Hubo, en efecto, quien en cierta ocasión intentó llevarse con engaño el venerable brazo del santo confesor fuera de su patria, trasladándolo a tierras lejanas, pero en modo alguno fue capaz de marcharse con él. Hay cuatro santos cuyos cuerpos dicen, y hay muchos testigos de ello, que no hay quien pueda sacarlos de sus sarcófagos: Santiago el del Zebedeo, San Martín de Tours, San Leonardo de Limoges y San Gil, confesor de Cristo. Se cuenta que el Rey de los francos, Felipe, intentó en cierta ocasión trasladar sus cuerpos a Francia, pero no consiguió por ningún medio sacarlos de sus sarcófagos.
Pues bien, los que van a Santiago por la vía tolosana, deben visitar el sepulcro de San Guillermo, confesor, que fue alférez egregio, y no de los menos significados condes de Carlomagno, soldado muy valiente y un gran experto en la guerra. Sabemos que con su gran valor conquistó para la causa cristiana las ciudades de Nimes, Orange y otras muchas. Llevándose consigo un trozo de la cruz del Señor, se retiró al valle de Gellone, donde llevó vida
eremítica y en el que reposa con todos los honores después de morir como bienaventurado confesor del Señor. Se celebra su sagrada fiesta el día 28 de mayo.
En esta misma ruta hay que visitar también los cuerpos de los santos mártires Tiberio, Modesto y Florencia, que, en tiempos de Diocleciano, sufrieron el martirio por la fe de Cristo con diversas torturas. Sus cuerpos reposan en un hermoso sepulcro a orillas del río Hérault y su festividad se celebra el 10 de noviembre.
En esta misma ruta hay que visitar, también, el venerable cuerpo del bienaventurado Saturnino, obispo y mártir. Apresado por los paganos en el Capitolio de Tolosa, le ataron a unos fieros toros sin domar que, desde lo alto de la ciudadela, le arrastraron por las escalinatas de piedra abajo, a lo largo de una milla, destrozándole la cabeza y vaciándole los sesos, y con todo el cuerpo desgarrado entregó dignamente su alma a Cristo. Su sepulcro se halla en un bello emplazamiento junto a la ciudad de Tolosa, donde los fieles levantaron en su honor una enorme basílica, con una comunidad de canónigos regulares bajo la regla de San Agustín. Allí concede el Señor numerosos beneficios a quienes le imploran. Su fiesta se celebra el 29 de noviembre.

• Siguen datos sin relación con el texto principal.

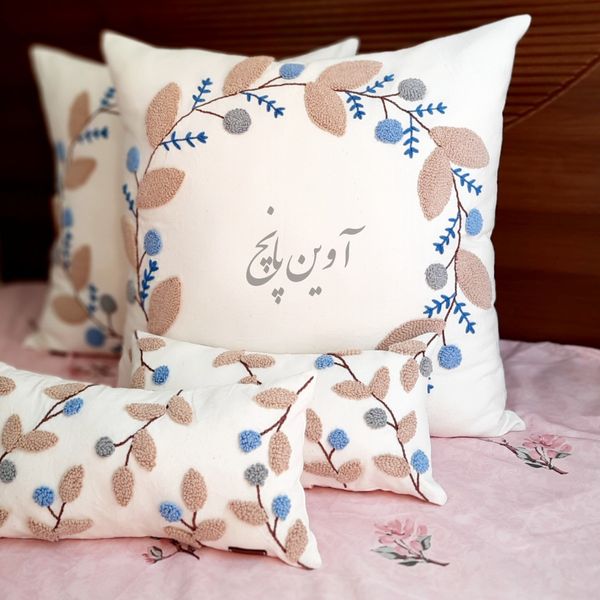 کاور کوسن طرح حلقه گل آبی و کرم بدون الیاف هر عدد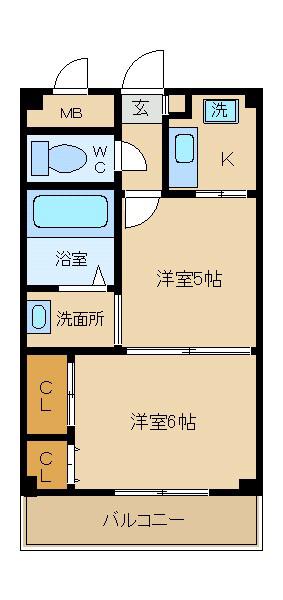 ハイツ新和(2K/8階)の間取り写真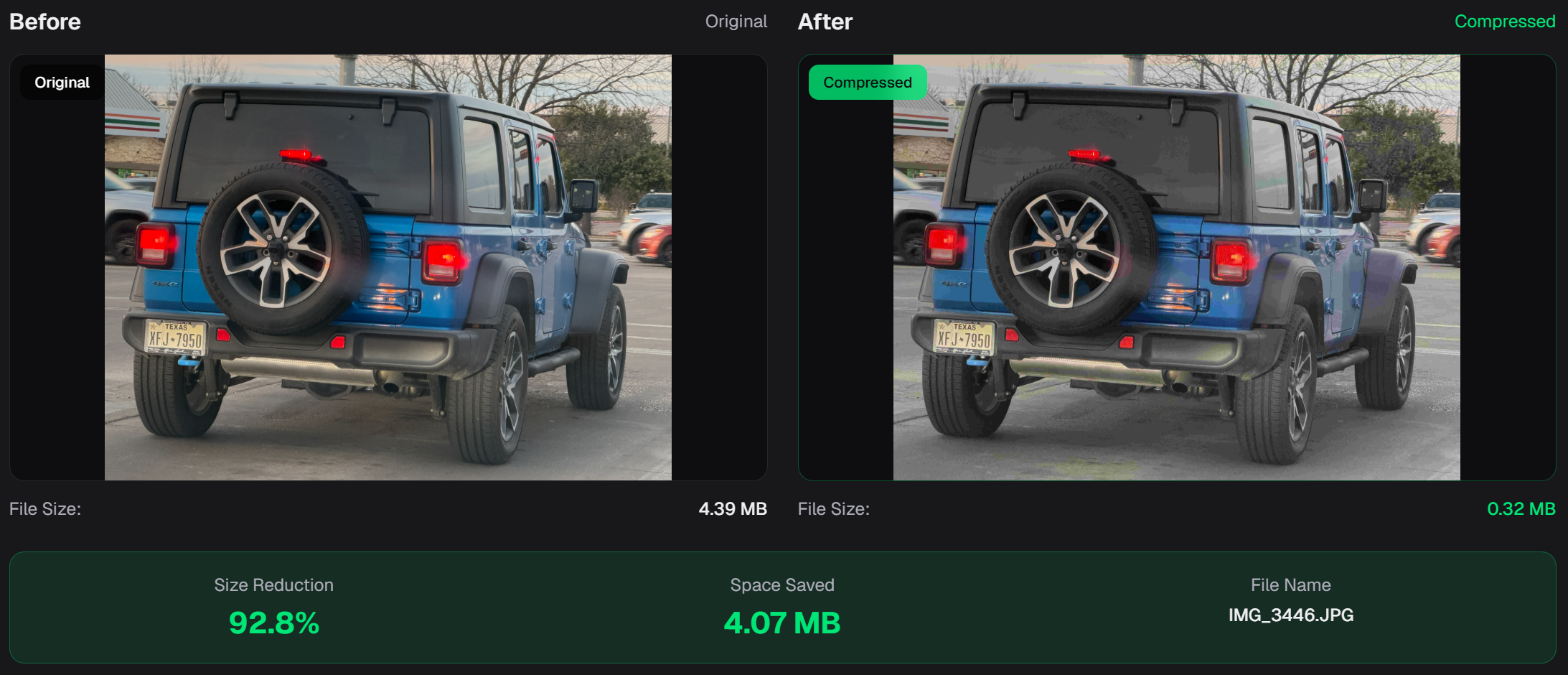 Jeep Wrangler compressed from 4.39 MB to 0.32 MB — 92.8% reduction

Borgoñeses y teutones que peregrinan a Santiago por el camino del Puy, deben visitar también el venerable cuerpo de Santa Fe, virgen y mártir. Degollado su cuerpo por los verdugos en el monte de la ciudad de Agen, coros de ángeles trasladaron su alma santa al cielo como si fuese una paloma y la adornaron con la corona de la inmortalidad. Al contemplar la escena Caprasio, obispo de Agen, oculto hasta entonces en una cueva para evitar el furor de la persecución, lleno de ánimo para soportar los tormentos, se apresuró a dirigirse al lugar del suplicio de la santa virgen, y esforzándose denodadamente, se hizo acreedor a la palma del martirio, echando en cara a sus perseguidores la tardanza con que actuaban.
Finalmente los cristianos dieron honrosa sepultura al preciosísimo cuerpo de Santa Fe, virgen y mártir, en el valle llamado de Conques. Sobre él levantaron una magnífica basílica en la que, para honra del Señor, hasta el día de hoy se observa diligentemente la regla de San Benita. Numerosas gracias se conceden allí a sanos y enfermos, y a la puerta de la basílica
brota una magnífica fuente, admirable más allá de toda ponderación. Su festividad se celebra el 6 de octubre.